LIE #1: “America is a post-racial society.”
One has to wonder, which America are they talking about? They most certainly cannot be referring to the United States of America. Try telling the families of Trayvon Martin, Eric Garner, Michael Brown, Tamir Rice and other unarmed African-Americans who have been murdered that they live in a post-racial America. Try explaining why their killers have not faced consequences for their actions. Try telling the people of Ferguson, Missouri that it was not just African-Americans who were subjected to unjust traffic tickets and escalating fines in order to finance the city’s services. Try telling the members of Black Lives Matter that America is no longer divided by race, and that people of color are no longer singled out for police brutality. Try telling people of color that they are treated fairly in the media.

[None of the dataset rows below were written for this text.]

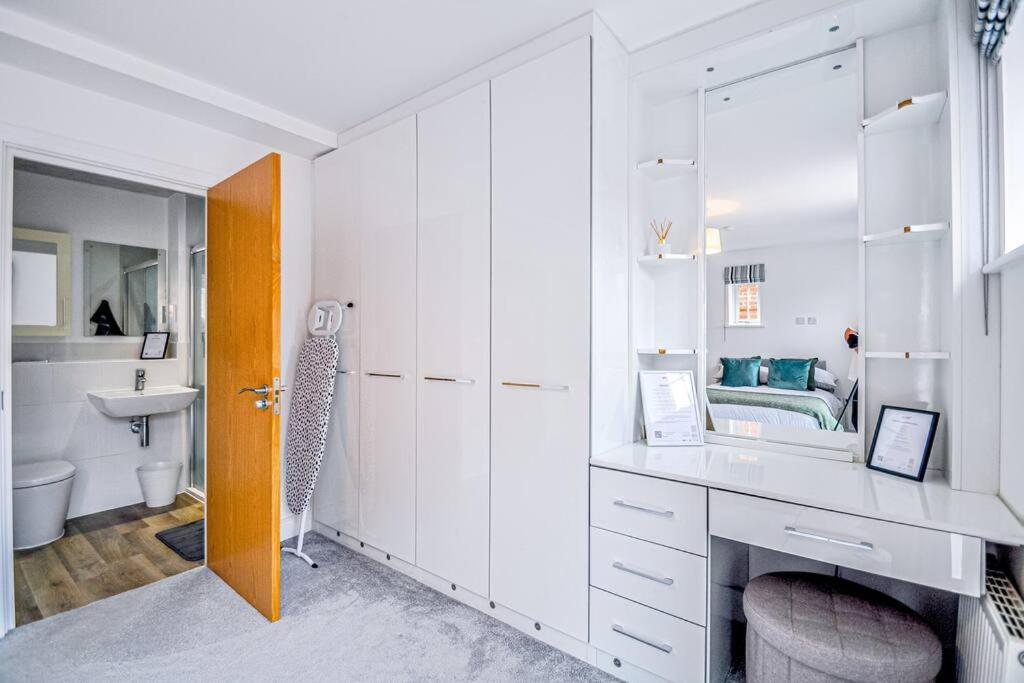 Entire House Sleeps 8 Near The River Thames Maidenhead Exterior foto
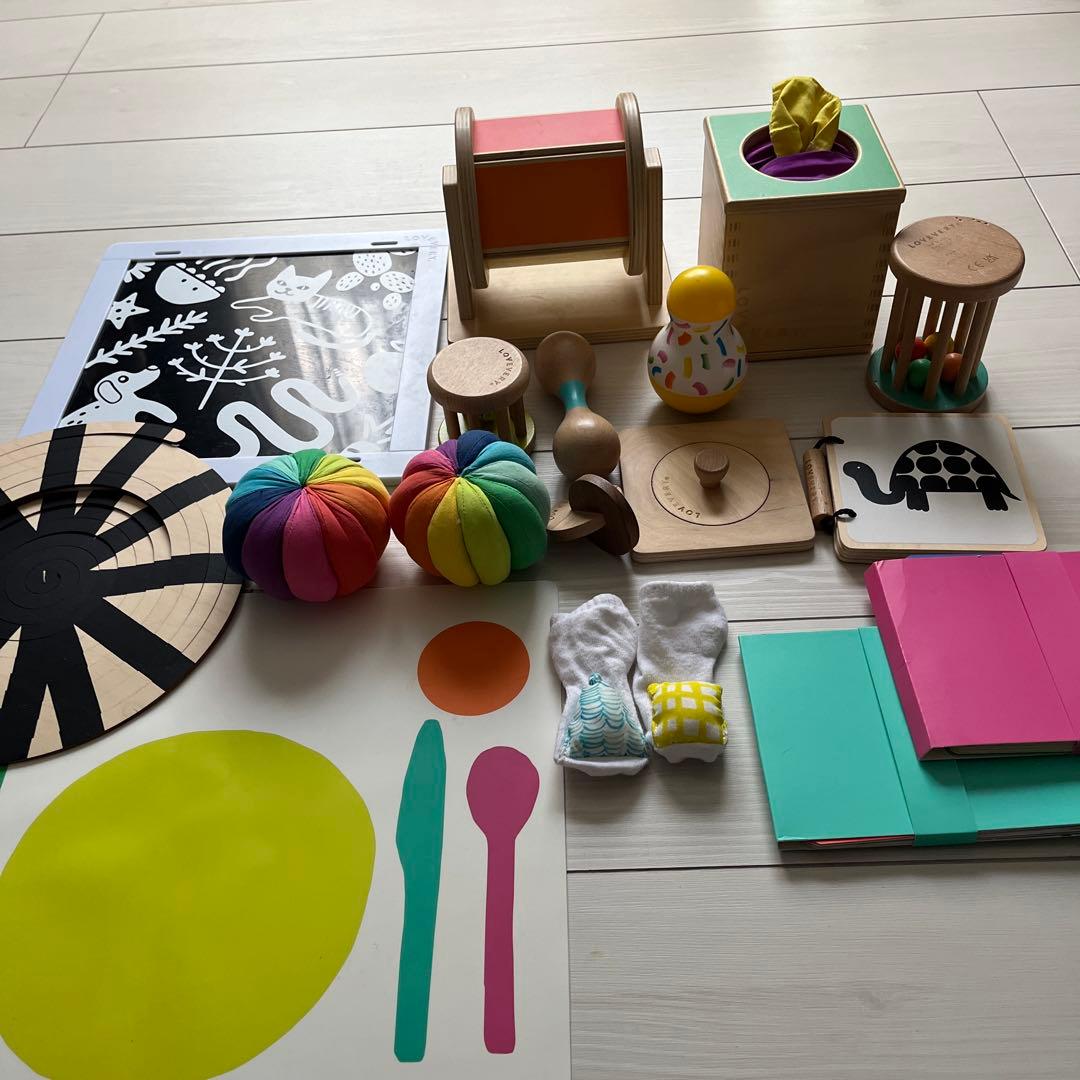 LOVEVERY 0-12months Play Kit モンテッソーリ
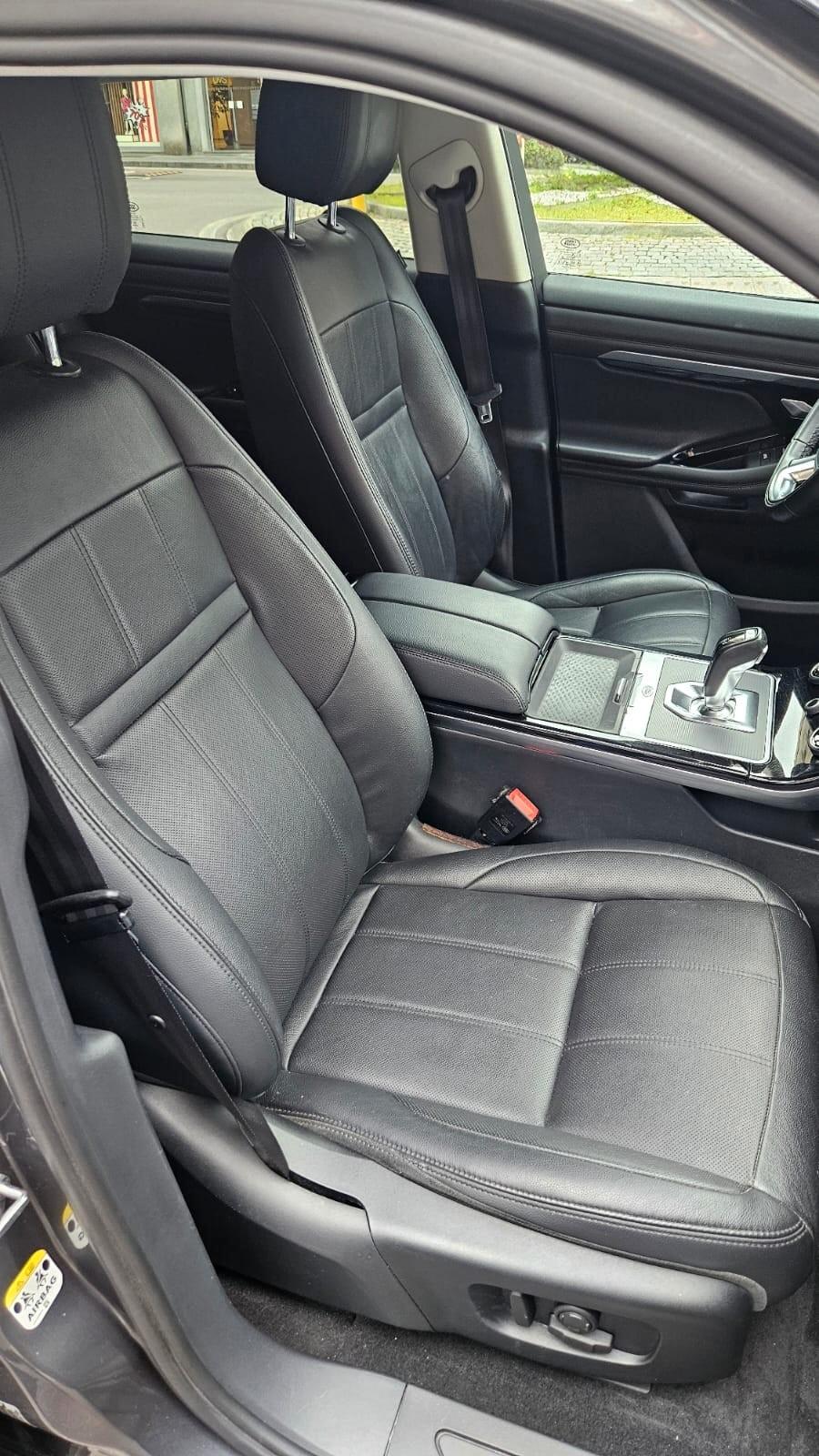 Land Rover Range Evoque 2.0D I4-L.Flw 150 CV AWD Auto R-Dynamic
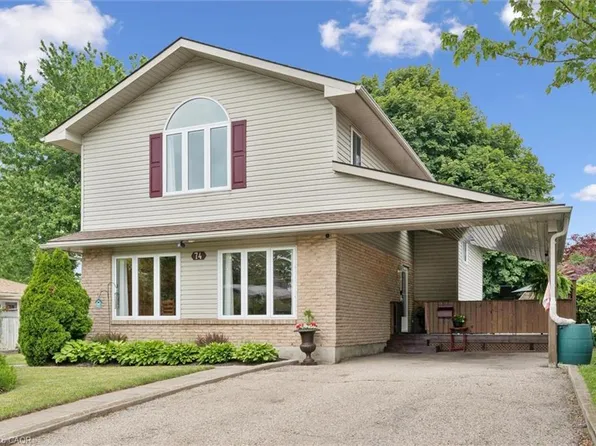 74 Calmcrest Dr, Kitchener, ON N2E 1V3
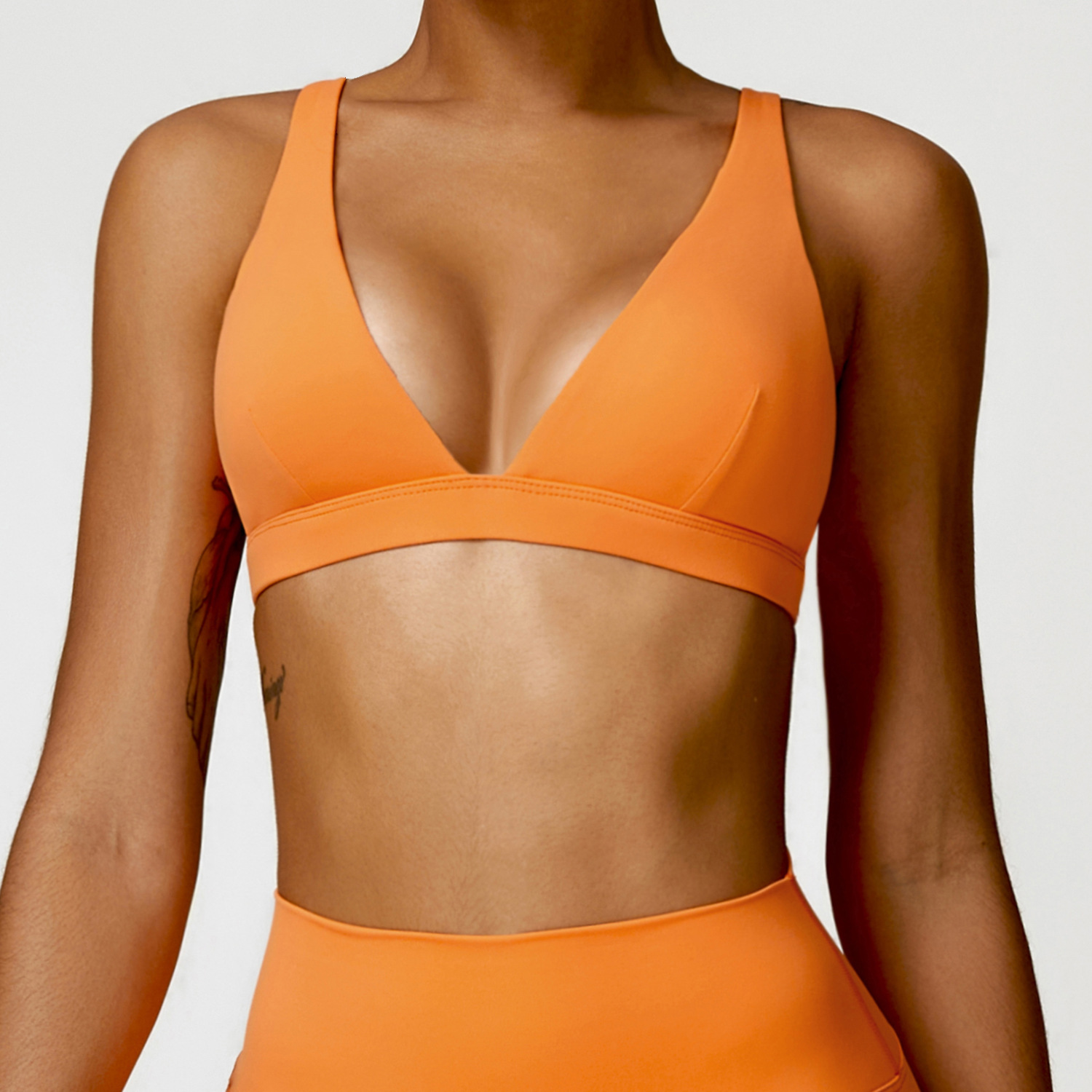 Wholesale Sexy Breathable Sports Bras Deep V Neckline U Back Triangle Gym Fitness Top Yoga Women's Spandex/Nylon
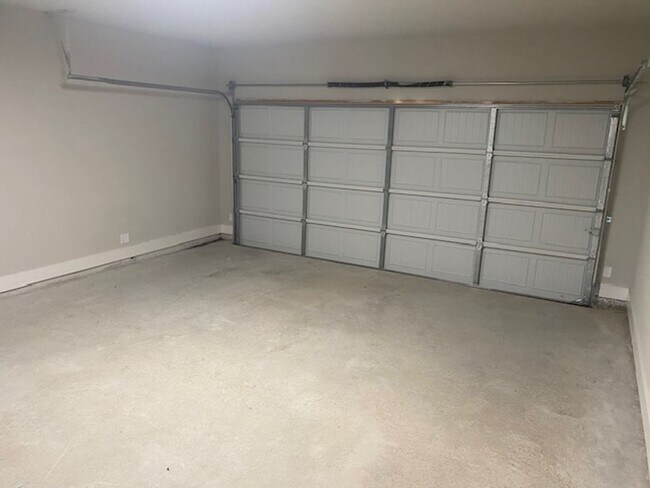 Building Photo - 4/2.5/2 - PRICE DROP!!!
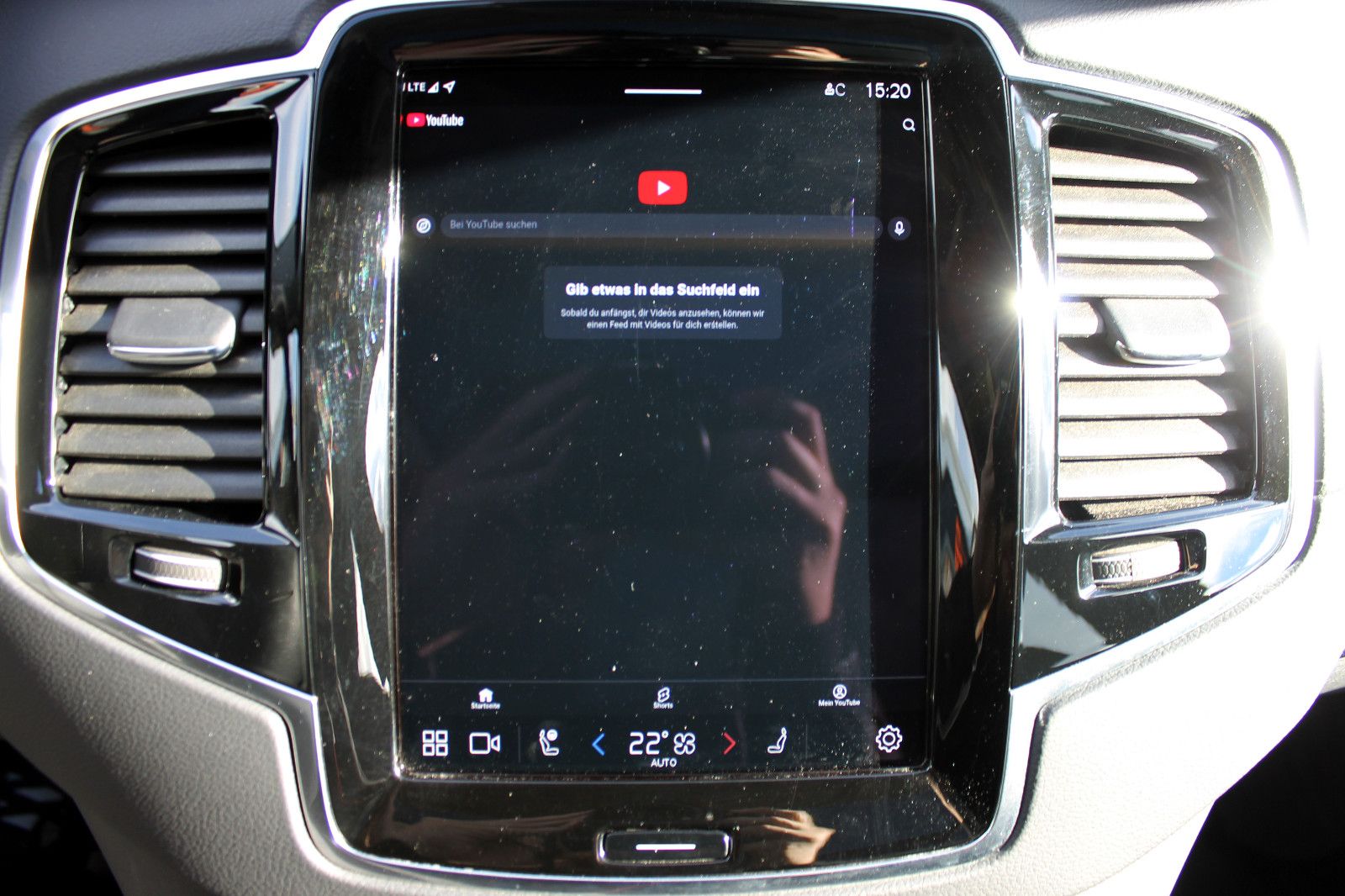 Fahrzeugabbildung Volvo XC90 B5 AWD Ultimate Bright 7-Stz. 360° ACC PANO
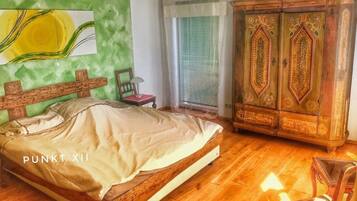 4 bedrooms, free WiFi, bed sheets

For example, faced with the Black Lives Matter movement, the pundits on Fox News Channel and other networks quickly pointed to black-on-black crime, implying that ordinary black people don’t deserve protection from police and the courts until they end violence in their neighborhoods. Producers for TV entertainment shows and commercials deny all but a small percentage of leading roles to black actors. And police “reality” shows focus almost exclusively on crimes committed by blacks while ignoring crimes committed by whites. When asked why one show ignored white collar crime, the producer said something like, “Because no one wants to see old white men in cuffs with their shirts off.”
The fact is that white Americans ignore racism because it seldom negatively impacts them. After all, it’s not white Americans who have their job applications ignored because they don’t have the right kind of names. It’s not white Americans who have to tell their children not to wear hoodies for fear they will be shot. It’s not white Americans who are racially profiled and their cars routinely pulled over. It’s not white people who were singled out as part of New York City’s ill-conceived “stop and frisk” policy.
Today, African-Americans face discrimination in ways that are not all that different from the days of the civil rights movement in the 1950s and 60s. For example, according to the Bureau of Labor Statistics, for the 4th quarter of 2015, the unemployment rate for whites was 4.1 percent, while the unemployment rate for African-Americans was 10.5 percent.
The discrimination starts early in life as shown by a report from the US Department of Education’s Office for Civil Rights (OCR).
After compiling data from all of the nation’s 97,000 public schools representing 49 million students, the OCR released a comprehensive report on the promise of equal education.
Among the report’s key findings:
Students of color are “…disproportionately affected by suspensions and zero-tolerance policies in schools.” In fact, black students represent 18 percent of preschool enrollment but 42 percent of the students who are suspended once and 48 percent of the students suspended more than once. The report also concluded, “Suspended students are less likely to graduate on time and more likely to be suspended again. They are also more likely to repeat a grade, drop out, and become involved in the juvenile justice system.”
In addition, the report found that students of color are more likely to have teachers with less experience. The students also have significantly less access to a full range of math and science courses in high school.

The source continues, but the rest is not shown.